Microsoft scott guthrie
Microsoft cloud head Scott Guthrie at Build 2016 Matt Weinberger/Business Insider

In February, Microsoft snapped up Xamarin — a hot startup that makes it super simple for developers to write an app once and have it run on any device or web browser.

At today’s Microsoft Build event Microsoft cloud boss Scott Guthrie shared the company’s master plan for Xamarin. And judging from the applause, that plan has developers very hyped.

The short version is that Xamarin is now integrated with Microsoft’s mega-popular Visual Studio, the software that developers use to write yet more software.

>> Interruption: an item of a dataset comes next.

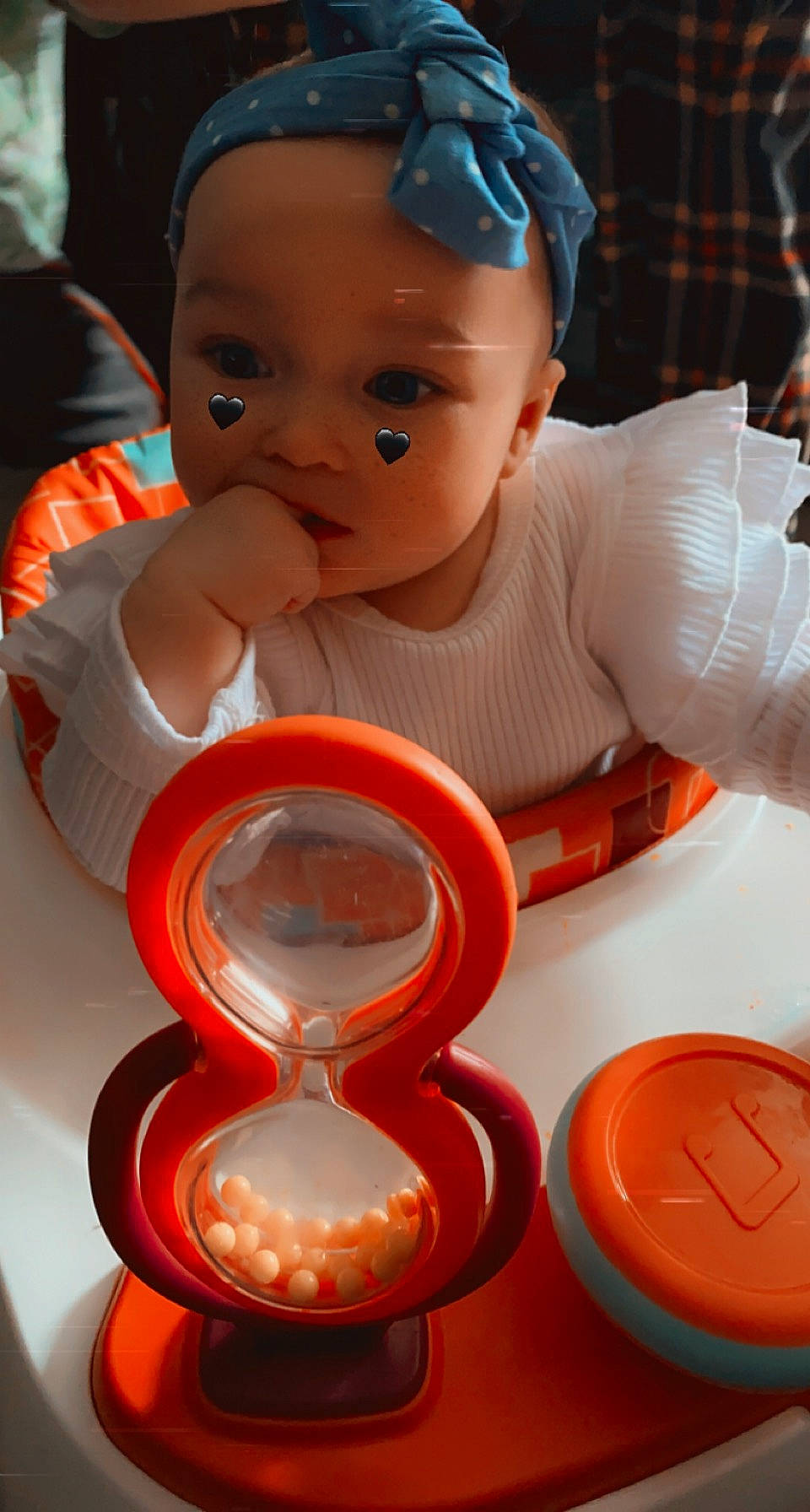 Arizona joined the competition — help win amazing prizes! baby, baby_playing_with_toys, baby_products, baby_toddler_clothing, baseball_cap, cap, cheek, child, circle, drinkware, eyelash, fun, hat, headwear, person, plastic, play, red, room, sitting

What’s more, that integration is totally free, Guthrie says, even for developers using the free Visual Studio Community edition.

That means developers now have a way to easily build PC, Mac, Android, and iPhone apps, all from Windows, and all for free.

Plus, Microsoft is releasing Xamarin’s code as open source, meaning that any developer anywhere can look under the hood to see how it works and tweak it to their own needs — or, hypothetically, bring it even beyond Windows.

It’s all part of Microsoft’s play to attract as many developers to Windows as possible. Just yesterday, Microsoft announced that the mega-popular Bash command line interface is coming from Linux to Windows.

Xamarin also makes it fairly trivial to bring apps to the Windows Store app market for PC and smartphones. That’s a good thing because Microsoft has struggled to get developers on board with its smartphone business.

The clear hope is that by bringing Xamarin to Visual Studio, it will be the carrot that gets tons of developers over to Windows, whether or not they’re actually building PC apps. From there, Microsoft is banking that they will stick around and make more Windows apps and use more Microsoft Azure cloud services, and so everybody wins.